(SUPPLIED ENTRIES begins)

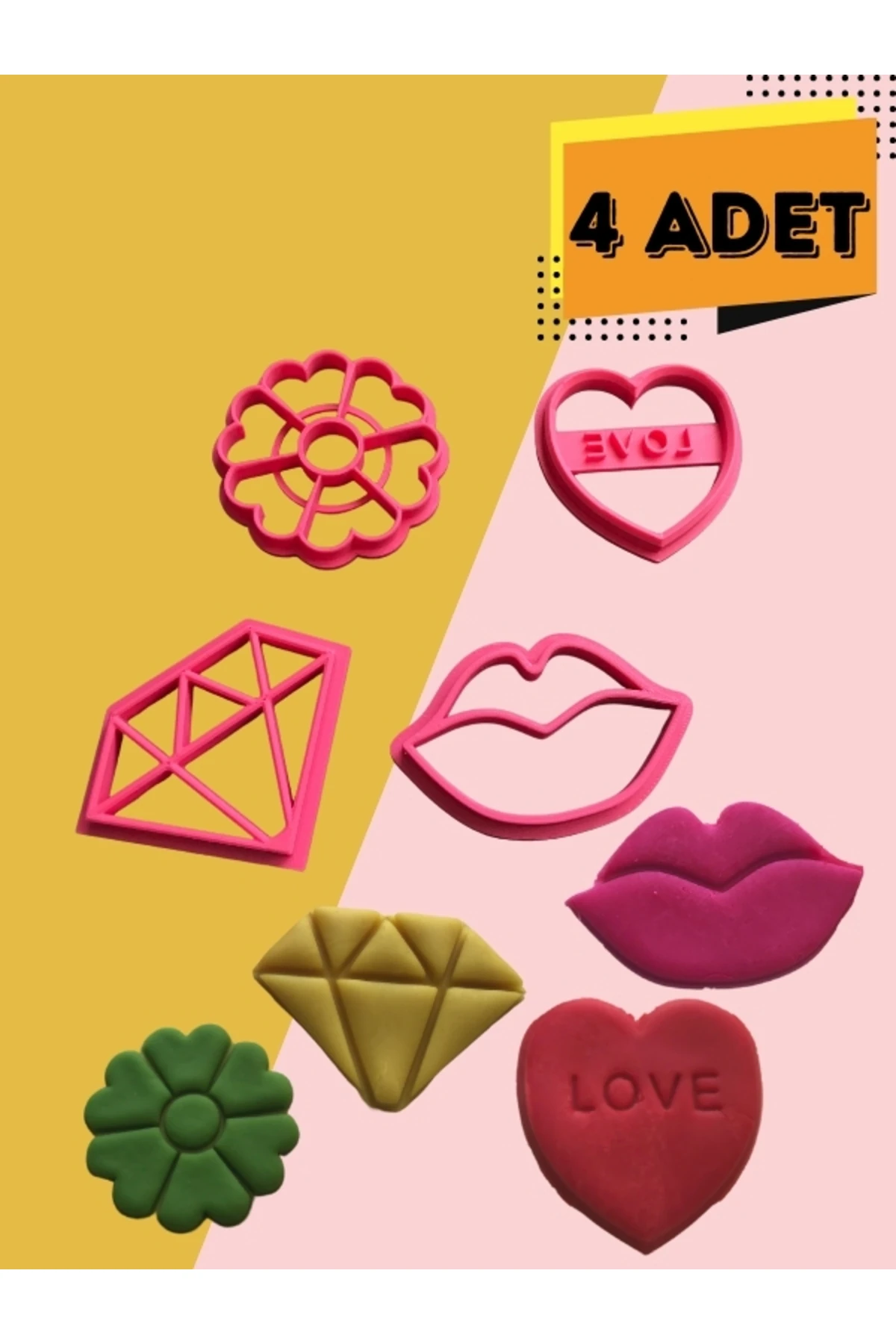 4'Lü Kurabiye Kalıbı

(SUPPLIED ENTRIES ends)
(SUPPLIED ENTRIES begins)

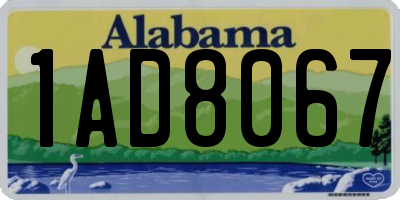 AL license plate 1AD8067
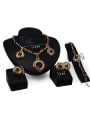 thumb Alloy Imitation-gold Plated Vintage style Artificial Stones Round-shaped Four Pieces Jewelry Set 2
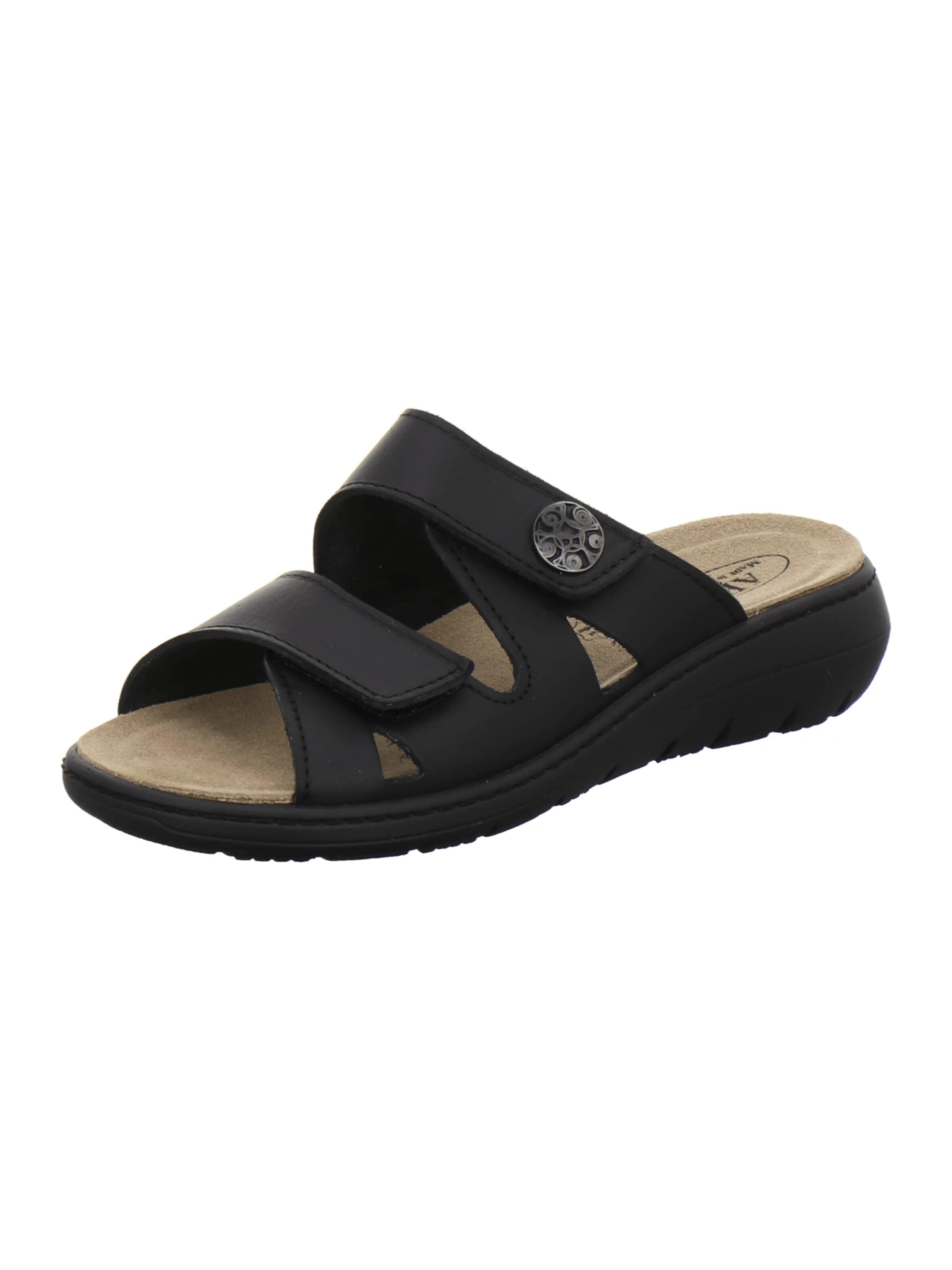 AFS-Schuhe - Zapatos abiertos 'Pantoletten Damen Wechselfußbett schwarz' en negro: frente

(SUPPLIED ENTRIES ends)

Transcribe, word for word, the stretch of lines in the data above from the one with "AL license plate 1AD8067" through the one with "AFS-Schuhe - Zapatos"; omit all pictures.

• EXPECTED OUTPUT:
 AL license plate 1AD8067
 thumb Alloy Imitation-gold Plated Vintage style Artificial Stones Round-shaped Four Pieces Jewelry Set 2
 AFS-Schuhe - Zapatos abiertos 'Pantoletten Damen Wechselfußbett schwarz' en negro: frente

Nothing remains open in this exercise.